We have BIG NEWS this week from the Supreme Court in the case of Hurst v. Florida.
By a 7-1-1 vote—in fact, even overruling two of its own prior rulings—the Supreme Court of the United States has upheld the jury as the sole fact-finding authority in capital sentencing.
Specifically, the Court found that the Florida capital sentencing scheme, in which the judge is the one whose job is “to make the critical findings necessary to impose the death penalty”, violates the Sixth Amendment, in light of its own ruling in Ring v. Arizona (2002) requiring that the jury find the aggravating factors if the death penalty is to be imposed.
Ring, in turn, traces back to the case of Apprendi v. New Jersey (2000). In Apprendi, the Court ruled that the penalty for a crime could not be extended beyond the statutory maximum due to the findings of a judge based on a preponderance of evidence, but instead such extension could only be based on the findings of a jury meeting the standard of proof beyond a reasonable doubt. Ring was the application of the Apprendi ruling to capital cases.
Florida seems to have tried to carve out an exception for itself to Ring by arguing that the jury plays an advisory role in sentencing. However, the Court noted in its majority opinion that,
In arguing that the jury’s recommendation necessarily included an aggravating circumstance finding, Florida fails to appreciate the judge’s central and singular role under Florida law, which makes the court’s findings necessary to impose death and makes the jury’s function advisory only. The State cannot now treat the jury’s advisory recommendation as the necessary factual finding required by Ring.
In addition to Florida, two other states have a judicial override provision in place that allows a judge to unilaterally impose the death penalty against the jury’s recommendation of a life without parole sentence: Delaware and Alabama.
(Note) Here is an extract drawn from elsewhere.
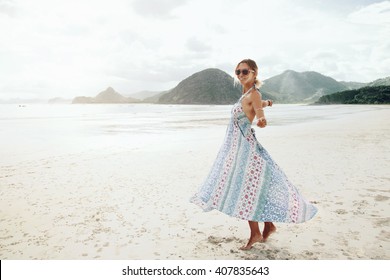 beach sundresses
According to the Equal Justice Initiative,
Of the 33 states with the death penalty, Alabama is the only jurisdiction where judges routinely override jury verdicts of life to impose capital punishment. Since 1976, Alabama judges have overridden jury verdicts 111 times. Although judges have authority to override life or death verdicts, in 91 percent of overrides elected judges have overruled jury verdicts of life to impose the death penalty.
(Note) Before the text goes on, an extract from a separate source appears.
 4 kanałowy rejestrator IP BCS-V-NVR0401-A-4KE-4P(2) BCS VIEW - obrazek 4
We are currently consulting with legal experts to better understand what, if any, implications Hurst holds for judicial override in Delaware and Alabama, in addition to Florida.
It is absolutely unconscionable that in the most serious of all legal cases-those in which the state claims the right to purposely put people to death-government can not only usurp the jury’s traditional, legal function in judging the law, but also jurors’ well-established and uncontroversial role as the fact-finders in the case. If the jury are neither to judge the law nor the facts, then the next step is the elimination of the jury altogether.
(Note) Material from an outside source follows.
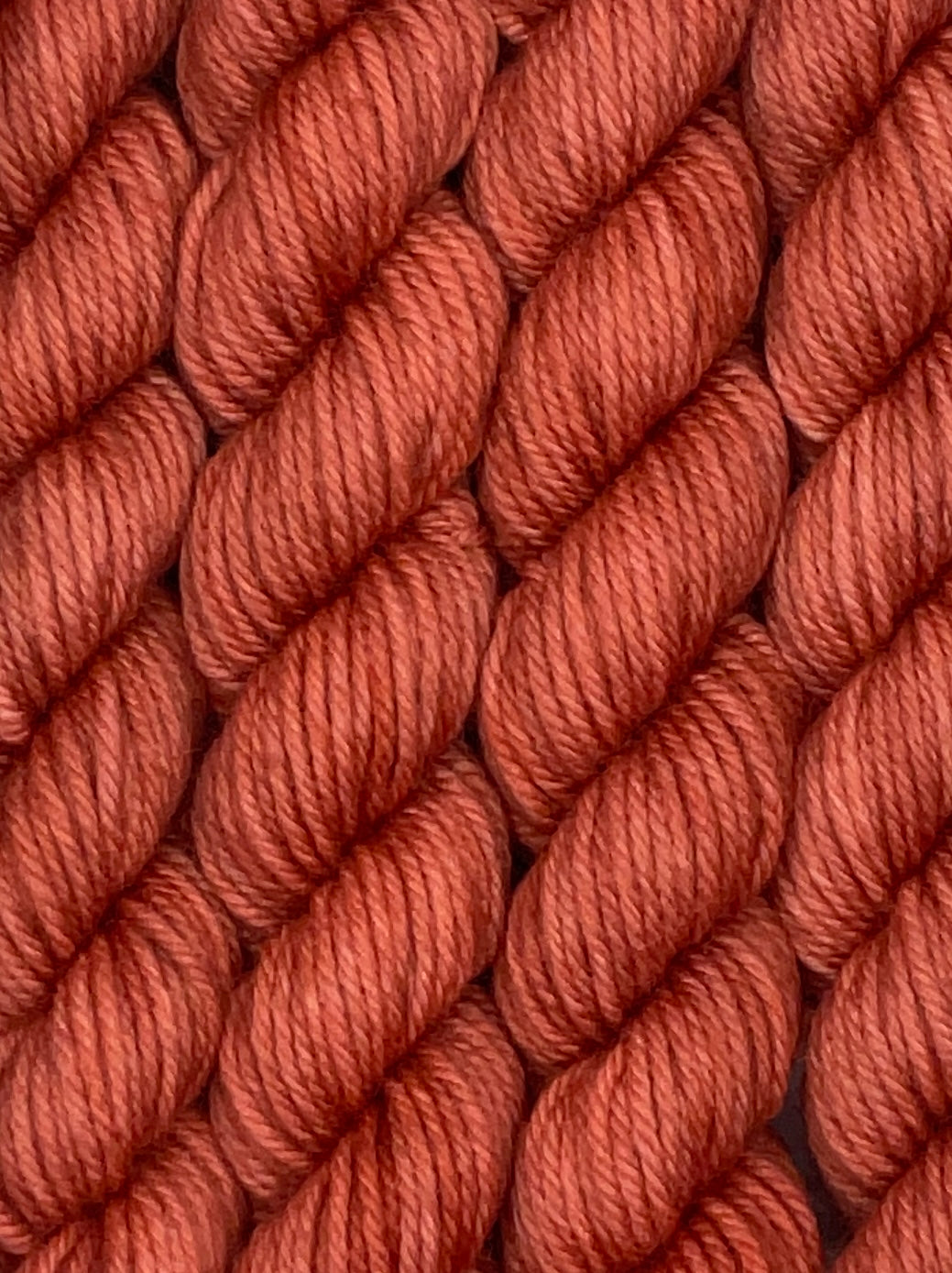 Mini DK Terracotta Skein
Many jury issues with respect to capital cases still need to be addressed including non-unanimous votes in capital sentencing, the unjust effects of death qualification of jurors during voir dire, and so on. But the Hurst ruling upholding the jury as the final arbiter of facts in capital sentencing is greatly encouraging that the endangered species that is the jury can be brought back from the brink of extinction.